■ Exercise materials:
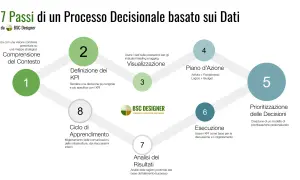 Diagramma dei 7 passi per un processo decisionale basato sui dati, con cerchi numerati che rappresentano le fasi e strumenti di monitoraggio come i KPI.
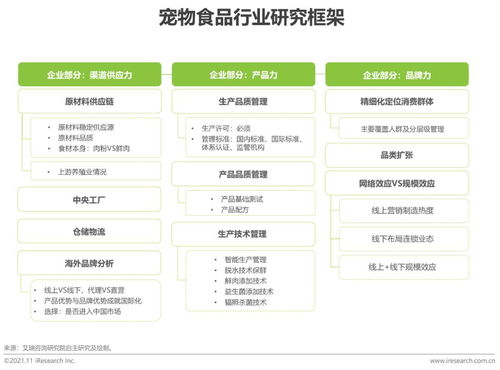 2021年中國寵物食品行業研究報告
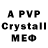 A PVP VHQ Alina Ahmetzanova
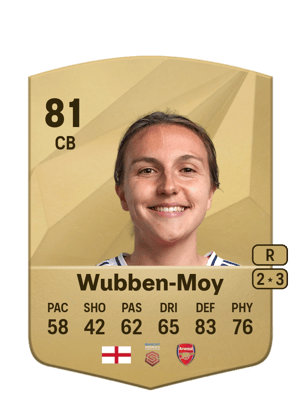 Lotte Wubben-Moy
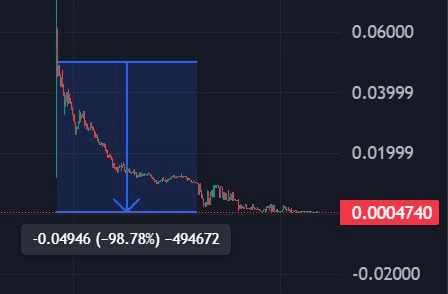 yobeullyANN/19520/6143374152388251381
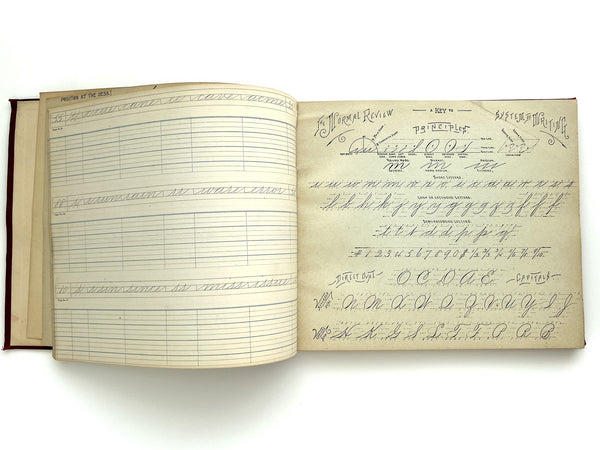 1891 - The Normal Review System of Writing, Regular Course - bound volume of 7 complete copy books (Nos. 1, 2, 3, 4, 4 1/2, 5, and Business Forms)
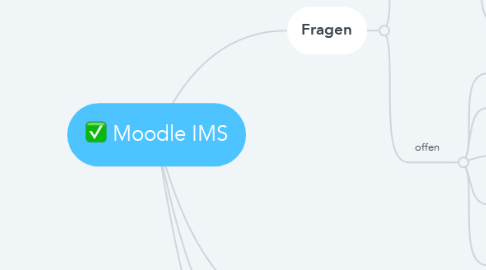 Mind Map: Moodle IMS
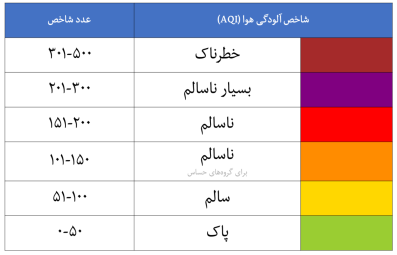 امروز شیرازی‌ها هوای پاک تنفس می‌کنند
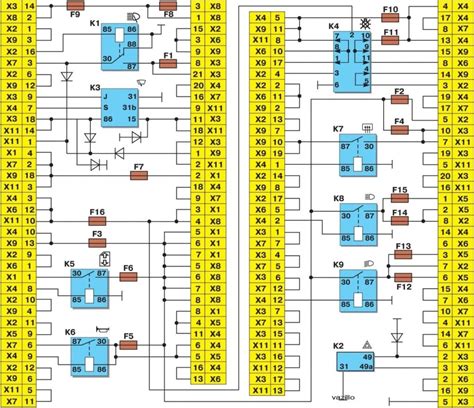 Предохранители и реле ВАЗ 2113, 2114, 2115 | НашеАвто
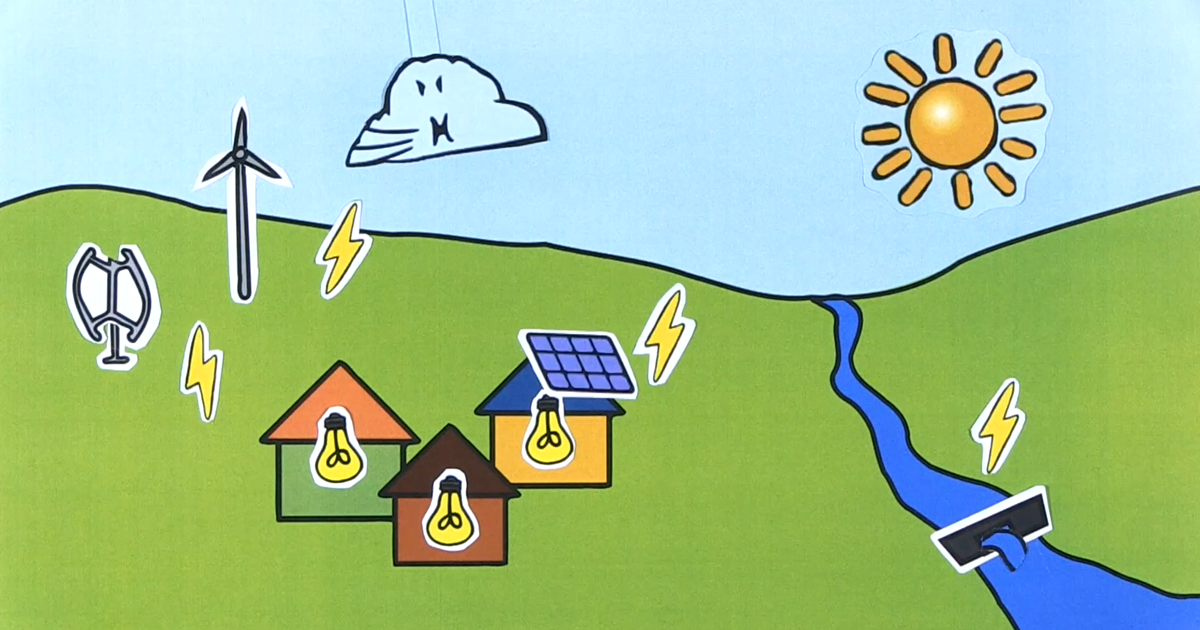 Rural Energy Systems Toolbox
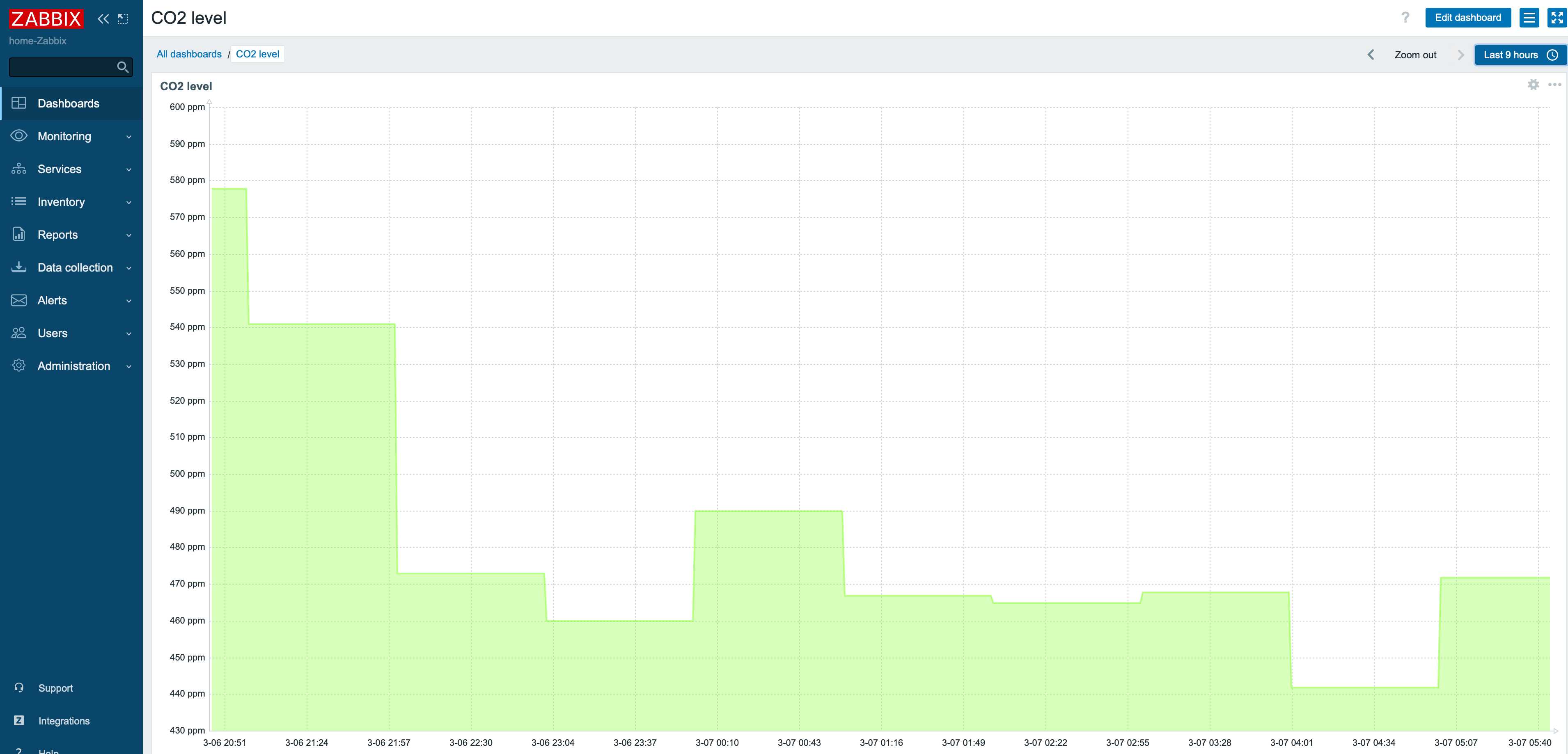 CO2 dashboard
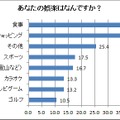 飼い主自身の娯楽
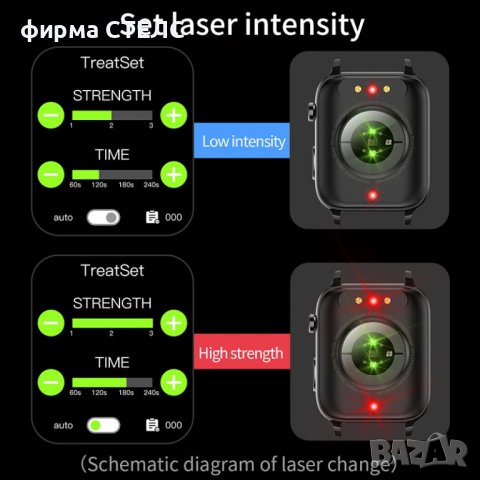 Смарт часовник STELS F200, Водоустойчив IP68, Силиконова каишка, снимка 6 - Смарт часовници - 41686761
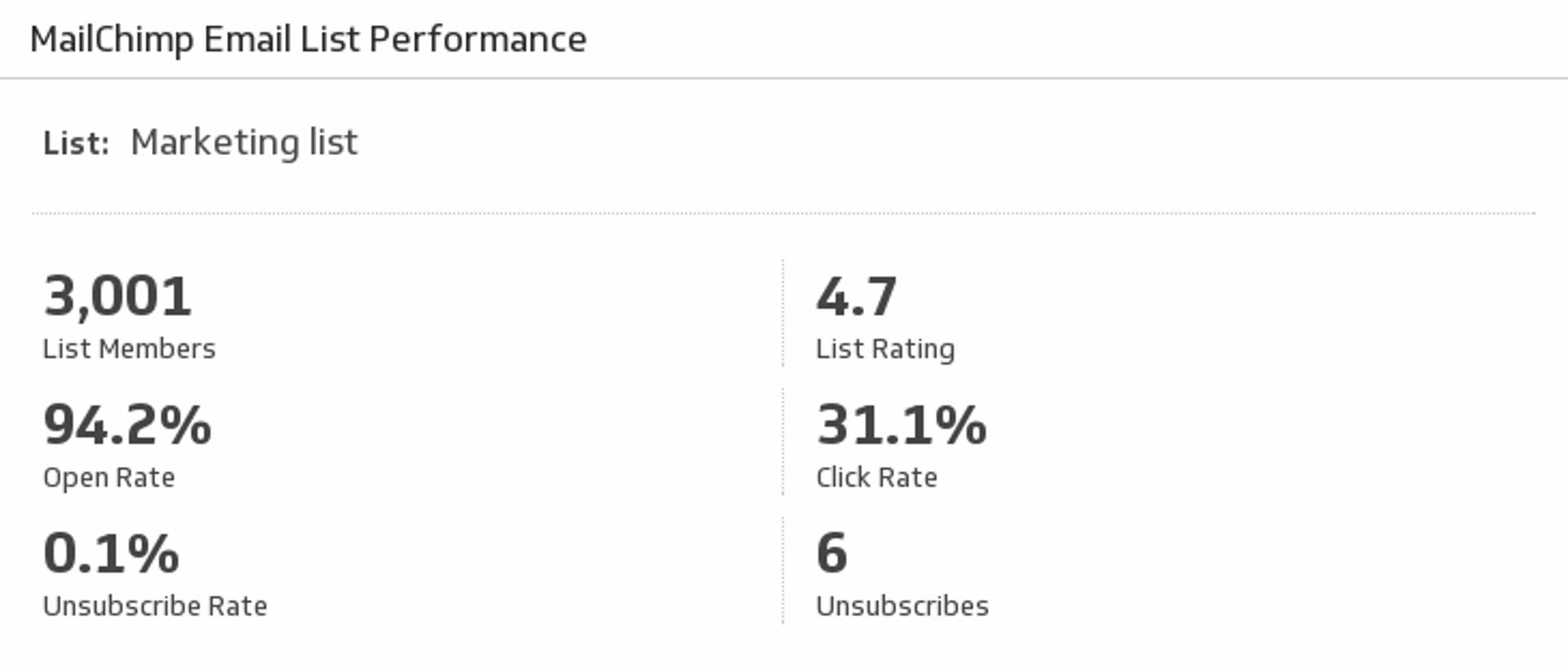 Mailchimp Email List Performance.png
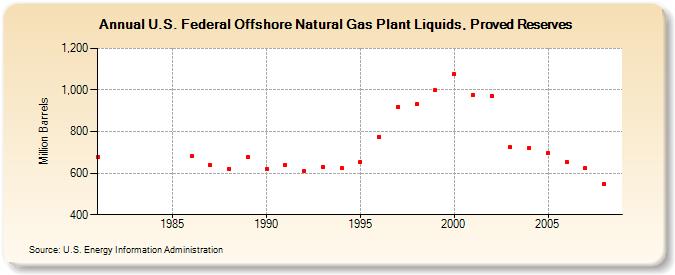 U.S. Federal Offshore Natural Gas Plant Liquids, Proved Reserves (Million Barrels)
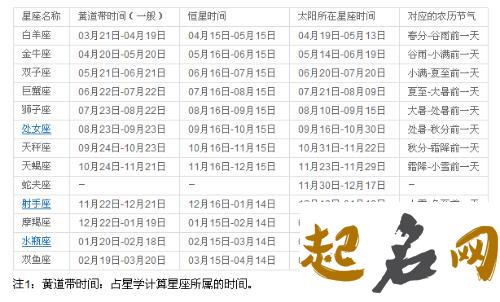 2012年2月12日出生的人是什么星座 8月15日出生的人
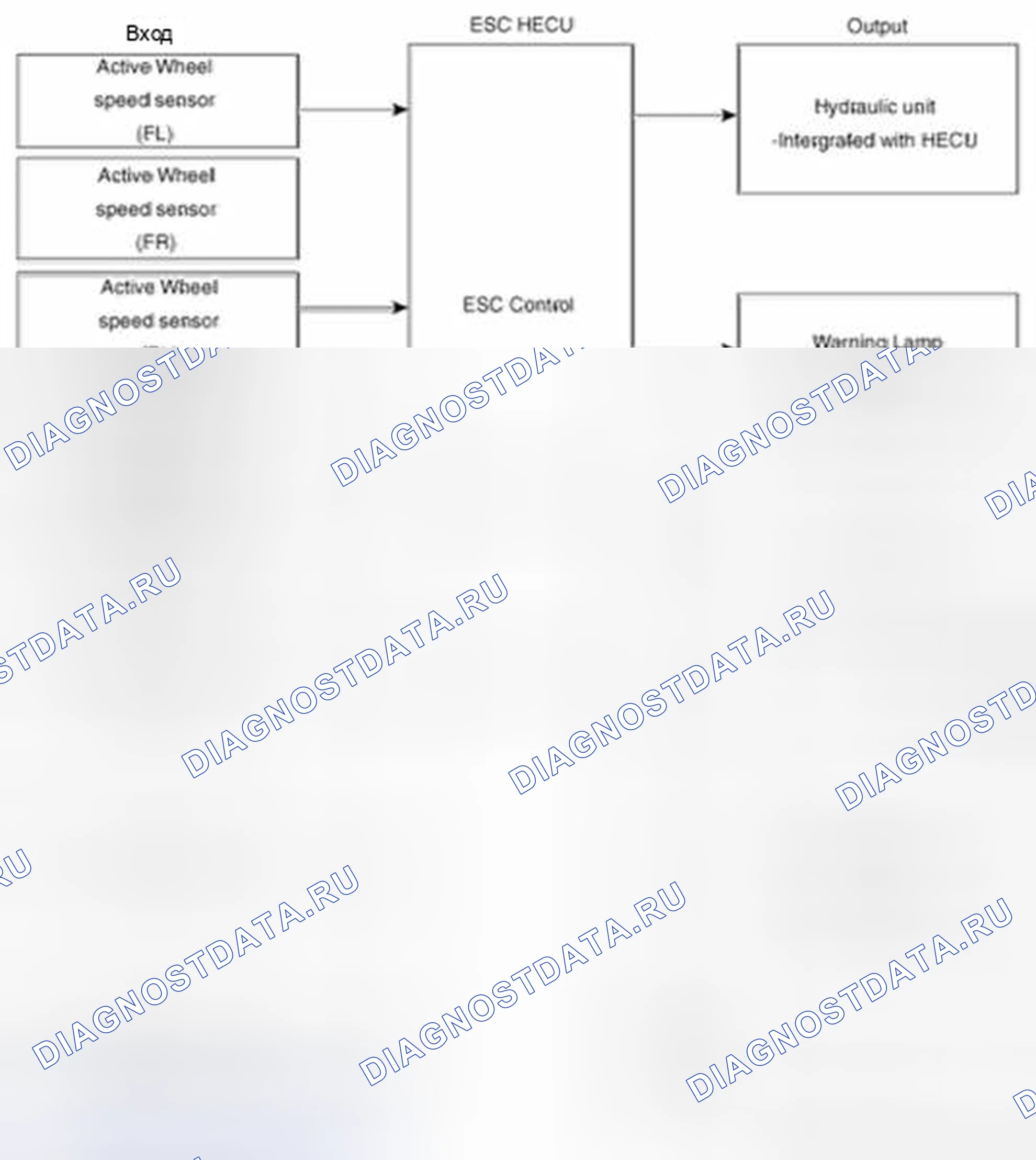Рис. 65: Схема входов и выходов. Hyundai Veracruz I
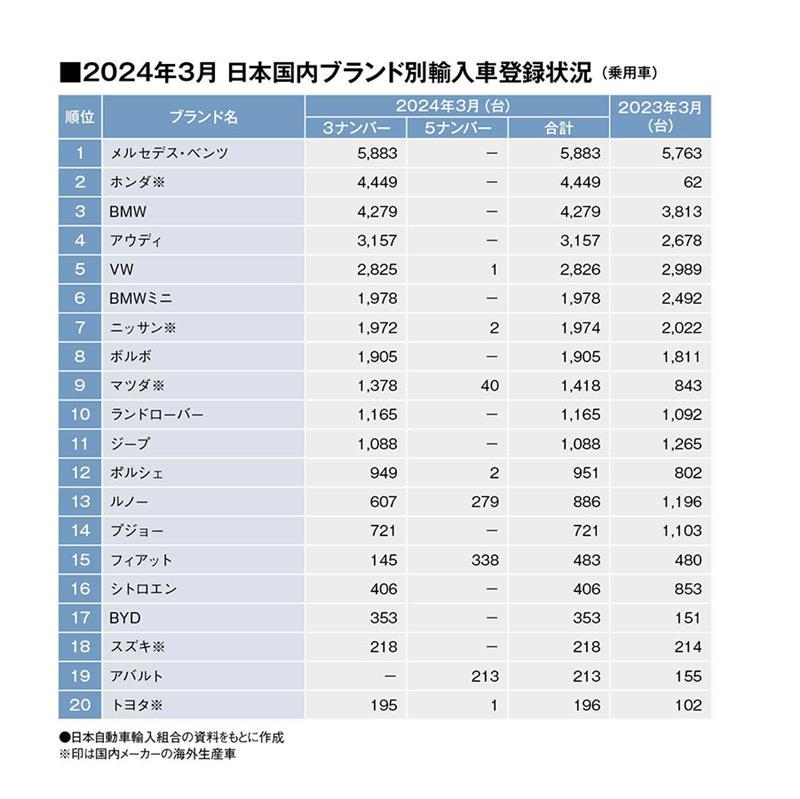 3月の輸入車販売は前年比99.0％と復調傾向。車種別、第1四半期販売ランキングは？！ （2024年3月・輸入乗用車販売TOP20＆１-３月モデル別TOP10 ）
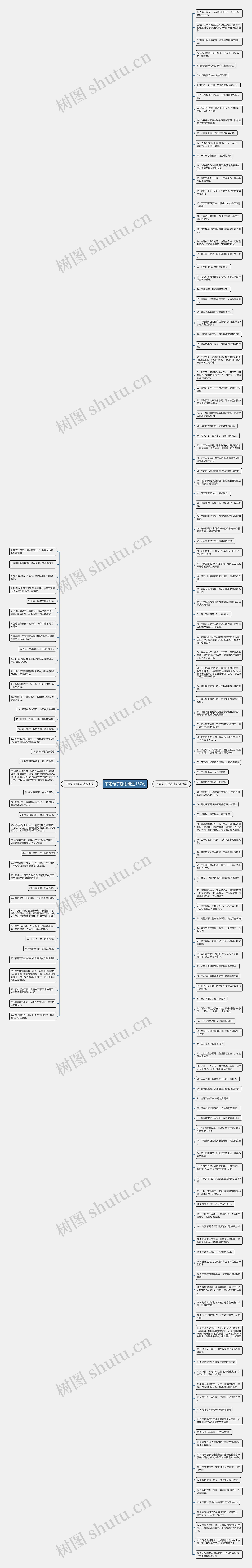 下雨句子励志精选167句思维导图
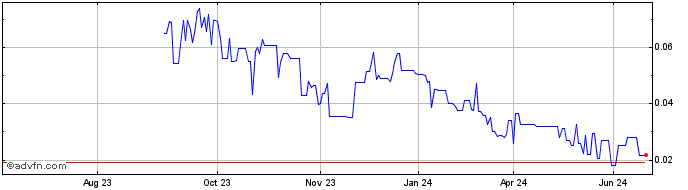 1 Year Portofino Resources Share Price Chart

■ What needs to be done: The line containing "yobeullyANN/19520/6143374152388251381" and every line after it, through the end of the data, are to be output exactly. Omit the pictures.

■ Response to this task:
 yobeullyANN/19520/6143374152388251381
 1891 - The Normal Review System of Writing, Regular Course - bound volume of 7 complete copy books (Nos. 1, 2, 3, 4, 4 1/2, 5, and Business Forms)
 Mind Map: Moodle IMS
 امروز شیرازی‌ها هوای پاک تنفس می‌کنند
 Предохранители и реле ВАЗ 2113, 2114, 2115 | НашеАвто
 Rural Energy Systems Toolbox
 CO2 dashboard
 飼い主自身の娯楽
 Смарт часовник STELS F200, Водоустойчив IP68, Силиконова каишка, снимка 6 - Смарт часовници - 41686761
 Mailchimp Email List Performance.png
 U.S. Federal Offshore Natural Gas Plant Liquids, Proved Reserves (Million Barrels)
 2012年2月12日出生的人是什么星座 8月15日出生的人
Рис. 65: Схема входов и выходов. Hyundai Veracruz I
 3月の輸入車販売は前年比99.0％と復調傾向。車種別、第1四半期販売ランキングは？！ （2024年3月・輸入乗用車販売TOP20＆１-３月モデル別TOP10 ）
 下雨句子励志精选167句思维导图
 1 Year Portofino Resources Share Price Chart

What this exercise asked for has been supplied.